How to Group by multiple columns, count and map in Pandas

To group by two or multiple columns, count unique combinations and map the result we can chain two Pandas methods:

  • groupby()
  • size()
df.groupby(['col1', 'col2']).size()

The picture below shows all the steps and the final result:

Let's create a sample DataFrame and explain all the steps in details:

import pandas as pd

data = {'col1': ['a', 'c', 'a', 'b', 'a', 'c'],
    	'col2': ['d', 'a', 'c', 'e', 'd', 'a']}
df = pd.DataFrame(data)

data looks like:

col1 col2
0 a d
1 c a
2 a c
3 b e
4 a d
5 c a

Group by two columns and count

To group by multiple columns in Pandas and count the combinations we can chain methods:

df_g = df.groupby(['col1', 'col2']).size().reset_index(name='counts')

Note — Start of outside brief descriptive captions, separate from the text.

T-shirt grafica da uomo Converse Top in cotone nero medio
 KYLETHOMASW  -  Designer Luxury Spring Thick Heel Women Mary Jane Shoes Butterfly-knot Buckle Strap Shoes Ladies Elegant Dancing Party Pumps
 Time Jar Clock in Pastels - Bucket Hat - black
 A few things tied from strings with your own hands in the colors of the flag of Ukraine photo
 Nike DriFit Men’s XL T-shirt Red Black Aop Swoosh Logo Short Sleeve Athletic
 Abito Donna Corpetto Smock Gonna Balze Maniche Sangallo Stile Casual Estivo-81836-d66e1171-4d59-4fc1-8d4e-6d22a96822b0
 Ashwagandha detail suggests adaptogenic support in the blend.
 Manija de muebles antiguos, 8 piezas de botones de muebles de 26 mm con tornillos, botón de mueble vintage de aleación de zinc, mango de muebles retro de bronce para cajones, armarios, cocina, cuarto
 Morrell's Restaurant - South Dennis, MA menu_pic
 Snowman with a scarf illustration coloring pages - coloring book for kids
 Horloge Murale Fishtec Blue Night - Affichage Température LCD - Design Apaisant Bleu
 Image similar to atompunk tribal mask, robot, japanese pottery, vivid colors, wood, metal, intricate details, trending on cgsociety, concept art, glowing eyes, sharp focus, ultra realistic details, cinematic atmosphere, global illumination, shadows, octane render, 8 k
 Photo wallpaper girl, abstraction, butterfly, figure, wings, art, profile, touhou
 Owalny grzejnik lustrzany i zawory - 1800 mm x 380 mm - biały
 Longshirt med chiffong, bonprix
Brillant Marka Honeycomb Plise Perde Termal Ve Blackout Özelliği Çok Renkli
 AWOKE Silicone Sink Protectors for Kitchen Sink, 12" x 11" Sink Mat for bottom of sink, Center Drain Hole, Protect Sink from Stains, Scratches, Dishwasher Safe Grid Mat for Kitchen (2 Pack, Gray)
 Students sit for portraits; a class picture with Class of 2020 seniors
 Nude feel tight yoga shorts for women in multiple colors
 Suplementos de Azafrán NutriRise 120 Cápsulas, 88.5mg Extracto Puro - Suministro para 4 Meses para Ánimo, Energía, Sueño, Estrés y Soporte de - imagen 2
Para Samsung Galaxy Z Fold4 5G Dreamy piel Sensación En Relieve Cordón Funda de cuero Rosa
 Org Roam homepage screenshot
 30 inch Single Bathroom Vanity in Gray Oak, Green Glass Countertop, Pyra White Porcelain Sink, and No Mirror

This gives us a new DataFrame with counts of unique combinations from the columns. We have the original columns plus new columns - counts which contains the occurrences:

col1 col2 counts
0 a c 1
1 a d 2
2 b e 1
3 c a 2

Map count to new column in first DataFrame

Finally we can map the count to the original DataFrame. We will use method merge and map on two columns ['col1', 'col2']:

pd.merge(df, df_g, on=['col1', 'col2'])

This gives us:

col1 col2 counts
0 a d 2
1 a d 2
2 c a 2
3 c a 2
4 a c 1
5 b e 1

Or if we like to preserve the order of the original DataFrame we can use left join - how="left":

pd.merge(df, df_g, on=['col1', 'col2'], how='left')

How does it work?

  • we group by two columns col1 and col2
  • the size method counts the number of occurrences of each combination
  • reset_index method reset the index
  • rename of the new column to counts and assign counts
  • finally map the two DataFrames on multiple columns